Summarized, our deployment of capital in our Investment segment to date, through the end of the second quarter, the company had funded several cannabis-related debt and equity investments totaling CAD 354.5 million, including CAD 187.6 million to the SunStream joint venture. These investments generated CAD 9.4 million in investment revenue in the second quarter, including interest, fees and realized and unrealized gains on marketable securities. On July 7, 2021, the company announced it has increased its commitment to the SunStream joint venture to CAD 538 million from the previously announced commitment.
In the second quarter, the company's portfolio of credit-related investments generated an annualized rate of return of approximately 13%. Sundial continues to strategically deploy its capital with a focus on maximizing cash flows and shareholder value. For example, on May 4, 2021, Sundial announced that it acquired 10.1% of the issued and outstanding common shares of The Valens Company.
Now, I would like to invite Andrew Stordeur, President and COO of Sundial, to provide remarks related to cannabis operations.
Andrew Stordeur - President & COO
Thank you, Jim. Throughout the first half of this year, our top priority within cannabis operations has been on improving our cultivation consistency with a focus on the premium inhalable segment. While progress has been substantial, we continue to see tremendous opportunity for increased improvements with our facility operations for the balance of 2021.

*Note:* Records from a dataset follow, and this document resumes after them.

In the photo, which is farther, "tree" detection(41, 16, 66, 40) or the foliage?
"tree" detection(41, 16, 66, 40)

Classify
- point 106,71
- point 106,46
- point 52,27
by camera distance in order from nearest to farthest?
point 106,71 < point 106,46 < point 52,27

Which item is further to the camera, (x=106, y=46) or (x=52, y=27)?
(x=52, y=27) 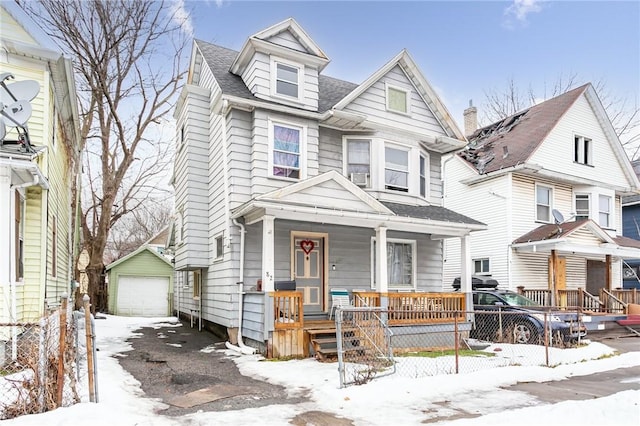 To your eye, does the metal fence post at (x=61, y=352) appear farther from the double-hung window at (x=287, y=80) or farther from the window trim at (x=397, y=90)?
the window trim at (x=397, y=90)

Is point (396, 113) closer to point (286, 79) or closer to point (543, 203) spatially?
point (286, 79)

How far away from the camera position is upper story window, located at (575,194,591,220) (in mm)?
19672

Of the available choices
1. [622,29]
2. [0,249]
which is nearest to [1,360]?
[0,249]

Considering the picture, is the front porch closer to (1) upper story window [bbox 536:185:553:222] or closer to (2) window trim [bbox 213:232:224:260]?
(2) window trim [bbox 213:232:224:260]

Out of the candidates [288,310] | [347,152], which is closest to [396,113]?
[347,152]

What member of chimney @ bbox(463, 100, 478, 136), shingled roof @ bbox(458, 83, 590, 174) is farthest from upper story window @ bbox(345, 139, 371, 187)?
chimney @ bbox(463, 100, 478, 136)

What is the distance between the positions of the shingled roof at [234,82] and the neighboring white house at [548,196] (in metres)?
6.86

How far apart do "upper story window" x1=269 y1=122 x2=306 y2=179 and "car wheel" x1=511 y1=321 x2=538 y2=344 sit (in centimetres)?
685

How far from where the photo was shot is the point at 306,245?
1249 cm

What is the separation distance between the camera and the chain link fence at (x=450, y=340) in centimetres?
891

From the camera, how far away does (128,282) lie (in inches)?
842

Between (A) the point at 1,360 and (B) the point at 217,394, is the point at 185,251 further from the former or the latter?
(B) the point at 217,394

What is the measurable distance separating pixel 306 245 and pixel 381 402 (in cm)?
626

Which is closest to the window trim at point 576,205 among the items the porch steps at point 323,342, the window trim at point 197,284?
the porch steps at point 323,342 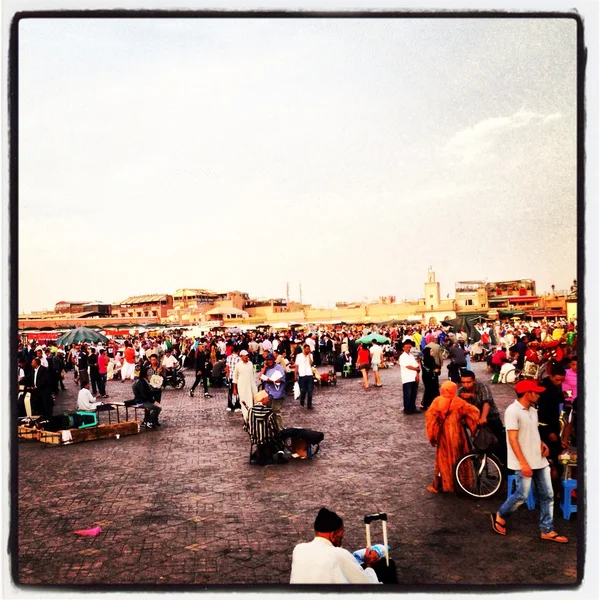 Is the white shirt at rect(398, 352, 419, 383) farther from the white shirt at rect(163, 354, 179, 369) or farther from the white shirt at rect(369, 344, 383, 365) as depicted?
the white shirt at rect(163, 354, 179, 369)

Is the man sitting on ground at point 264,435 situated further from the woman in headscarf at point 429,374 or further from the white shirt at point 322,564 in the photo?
the woman in headscarf at point 429,374

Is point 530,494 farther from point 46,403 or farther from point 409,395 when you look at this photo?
point 46,403

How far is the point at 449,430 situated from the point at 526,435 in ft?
4.57

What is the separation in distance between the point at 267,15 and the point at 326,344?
18593 millimetres

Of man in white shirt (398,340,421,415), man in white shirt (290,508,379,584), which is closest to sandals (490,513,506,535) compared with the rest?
man in white shirt (290,508,379,584)

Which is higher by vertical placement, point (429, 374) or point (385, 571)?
point (429, 374)

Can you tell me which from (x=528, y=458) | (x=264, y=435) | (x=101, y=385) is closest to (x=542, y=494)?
(x=528, y=458)

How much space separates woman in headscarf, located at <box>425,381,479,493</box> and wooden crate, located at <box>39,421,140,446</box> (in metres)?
5.77

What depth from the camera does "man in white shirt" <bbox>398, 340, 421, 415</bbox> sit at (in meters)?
11.3

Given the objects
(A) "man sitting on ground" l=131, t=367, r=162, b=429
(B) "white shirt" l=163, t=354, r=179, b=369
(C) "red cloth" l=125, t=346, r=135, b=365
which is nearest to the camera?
(A) "man sitting on ground" l=131, t=367, r=162, b=429

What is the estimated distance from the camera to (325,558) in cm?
381

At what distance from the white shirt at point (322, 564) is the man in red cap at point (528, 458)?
198 cm

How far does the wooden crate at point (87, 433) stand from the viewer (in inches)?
380

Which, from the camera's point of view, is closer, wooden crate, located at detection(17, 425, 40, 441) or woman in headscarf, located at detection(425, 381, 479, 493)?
woman in headscarf, located at detection(425, 381, 479, 493) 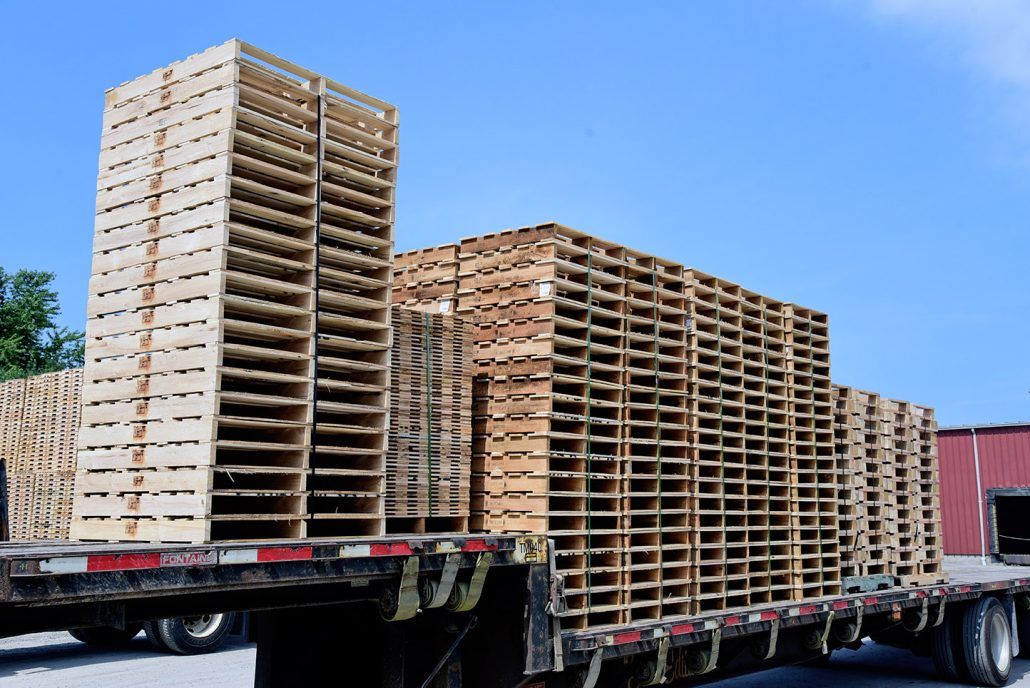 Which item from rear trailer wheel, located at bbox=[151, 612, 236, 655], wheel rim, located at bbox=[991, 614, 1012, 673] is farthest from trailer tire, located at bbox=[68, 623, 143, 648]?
wheel rim, located at bbox=[991, 614, 1012, 673]

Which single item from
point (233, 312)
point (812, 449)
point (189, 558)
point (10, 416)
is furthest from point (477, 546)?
point (10, 416)

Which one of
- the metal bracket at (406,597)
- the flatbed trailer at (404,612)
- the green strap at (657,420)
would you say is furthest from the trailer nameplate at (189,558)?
the green strap at (657,420)

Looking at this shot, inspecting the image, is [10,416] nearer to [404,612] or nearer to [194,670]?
[194,670]

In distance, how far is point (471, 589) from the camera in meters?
5.77

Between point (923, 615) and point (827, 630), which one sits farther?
point (923, 615)

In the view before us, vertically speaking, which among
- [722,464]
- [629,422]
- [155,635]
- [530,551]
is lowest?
[155,635]

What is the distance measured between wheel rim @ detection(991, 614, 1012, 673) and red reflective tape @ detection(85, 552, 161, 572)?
11262 mm

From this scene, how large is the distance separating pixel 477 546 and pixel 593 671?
1.50m

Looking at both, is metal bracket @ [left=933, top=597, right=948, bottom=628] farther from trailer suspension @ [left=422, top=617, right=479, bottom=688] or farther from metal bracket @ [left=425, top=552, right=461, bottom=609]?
metal bracket @ [left=425, top=552, right=461, bottom=609]

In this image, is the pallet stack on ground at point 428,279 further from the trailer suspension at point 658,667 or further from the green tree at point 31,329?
the green tree at point 31,329

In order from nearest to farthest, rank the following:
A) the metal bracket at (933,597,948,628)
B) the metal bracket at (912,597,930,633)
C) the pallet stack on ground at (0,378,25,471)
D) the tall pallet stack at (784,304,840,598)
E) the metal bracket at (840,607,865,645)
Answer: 1. the metal bracket at (840,607,865,645)
2. the tall pallet stack at (784,304,840,598)
3. the metal bracket at (912,597,930,633)
4. the metal bracket at (933,597,948,628)
5. the pallet stack on ground at (0,378,25,471)

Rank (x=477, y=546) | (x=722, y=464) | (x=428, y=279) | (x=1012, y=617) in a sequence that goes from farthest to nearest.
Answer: (x=1012, y=617) < (x=722, y=464) < (x=428, y=279) < (x=477, y=546)

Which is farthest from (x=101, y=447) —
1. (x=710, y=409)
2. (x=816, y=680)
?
(x=816, y=680)

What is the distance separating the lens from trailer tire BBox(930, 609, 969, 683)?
11.9 m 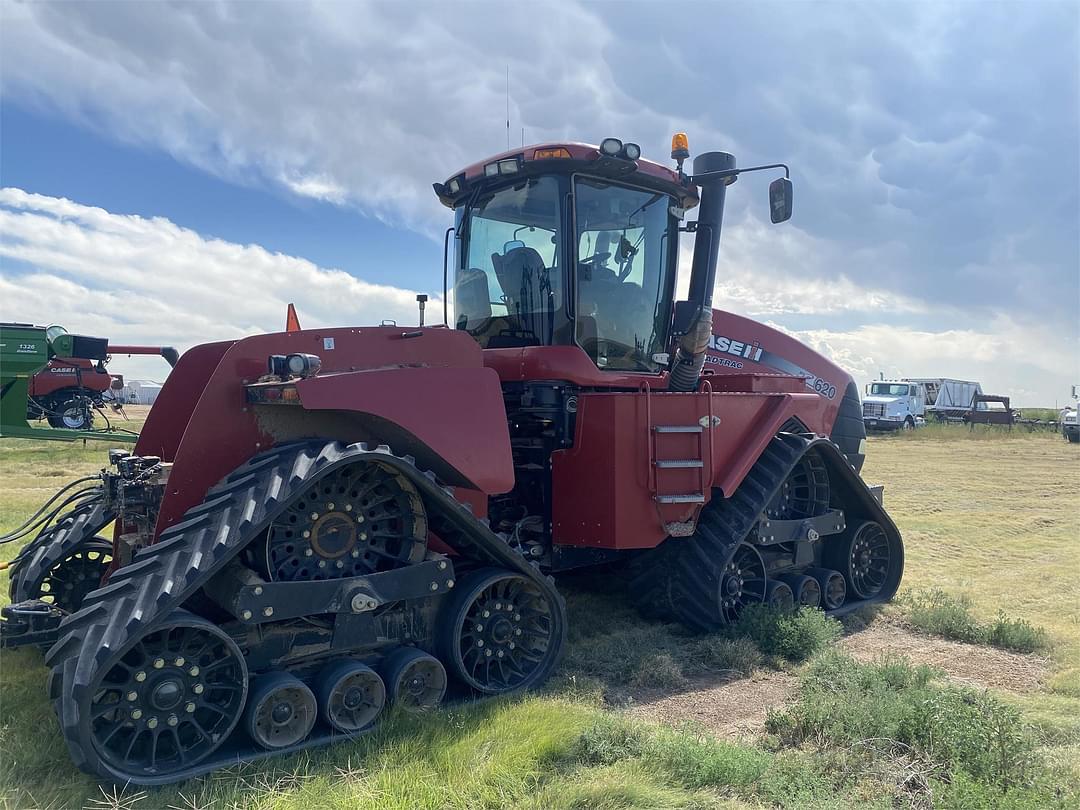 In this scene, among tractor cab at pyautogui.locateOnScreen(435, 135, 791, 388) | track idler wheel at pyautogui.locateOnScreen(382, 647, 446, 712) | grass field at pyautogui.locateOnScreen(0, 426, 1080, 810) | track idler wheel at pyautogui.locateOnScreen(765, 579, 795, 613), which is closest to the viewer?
grass field at pyautogui.locateOnScreen(0, 426, 1080, 810)

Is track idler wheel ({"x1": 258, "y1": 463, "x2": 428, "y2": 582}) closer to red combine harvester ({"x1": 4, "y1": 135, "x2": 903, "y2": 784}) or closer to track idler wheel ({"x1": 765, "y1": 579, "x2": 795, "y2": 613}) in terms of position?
red combine harvester ({"x1": 4, "y1": 135, "x2": 903, "y2": 784})

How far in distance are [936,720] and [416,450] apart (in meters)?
2.83

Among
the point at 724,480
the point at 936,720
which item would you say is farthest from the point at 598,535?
the point at 936,720

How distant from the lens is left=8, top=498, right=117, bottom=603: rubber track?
16.1ft

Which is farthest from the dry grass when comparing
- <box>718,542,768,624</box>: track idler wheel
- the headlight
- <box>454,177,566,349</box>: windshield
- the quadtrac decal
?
the headlight

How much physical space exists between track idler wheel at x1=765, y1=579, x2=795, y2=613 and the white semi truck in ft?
98.3

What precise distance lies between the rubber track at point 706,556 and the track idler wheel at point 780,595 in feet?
2.13

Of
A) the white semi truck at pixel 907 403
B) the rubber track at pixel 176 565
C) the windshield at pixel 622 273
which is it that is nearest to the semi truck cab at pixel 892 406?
the white semi truck at pixel 907 403

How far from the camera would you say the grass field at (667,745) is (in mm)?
3217

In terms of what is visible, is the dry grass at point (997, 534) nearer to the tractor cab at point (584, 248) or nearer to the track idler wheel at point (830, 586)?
the track idler wheel at point (830, 586)

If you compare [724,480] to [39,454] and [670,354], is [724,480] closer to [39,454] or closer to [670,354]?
[670,354]

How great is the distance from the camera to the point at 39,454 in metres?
17.2

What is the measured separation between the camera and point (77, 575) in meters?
5.16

Let me review some of the progress we have made over the second quarter of 2021. Sundial's commitment to cultivation excellence and our small batch at scale approach has been developed around 3 pillars of focus: people, process and plants. In terms of people, we continue to configure our supply and operations teams to adapt to the industry dynamics. We recently implemented a new pot structure inside of our old facility to increase efficiency and effectiveness across all functions. One of the primary objectives of our supply chain moving forward will remain on driving a simplified SKU assortment with a focus on core inhalable offerings. Year-to-date, we have taken a different approach on product innovation versus our industry peers, as we have simplified our SKUs nationally by 65%. We are excited about our revised innovation pipeline for the balance of the year and remain focused on margin-accretive offerings that supplement our existing core portfolio.
Our second cultivation pillar is around process. We have implemented several improvements inside of our grow rooms, primarily focused on room environment, plant maintenance and fertilization. In Q2, we achieved the company's strongest cultivation result in May and June of 2021 with an average THC potency greater than 20% and yields above target. These products will be available to consumers in Q3 2021. We have completed commissioning on our new fully automated pre-roll machine, which has allowed us to double our annual production capacity, while significantly reducing costs. Current capacity sits at 14,000 units per shift with further opportunity to increase over time.
Through a comprehensive review of our Sundial portfolio, we launched 3 new Palmetto cultivars in the second quarter of 2021 and shipped approximately 9,300 cases across the country. The initial consumer feedback on all 3 strains has been positive. During Q2 2021, Sundial also launched 2 concentrate products to the Province of Quebec, a sativa hash and an indica hash.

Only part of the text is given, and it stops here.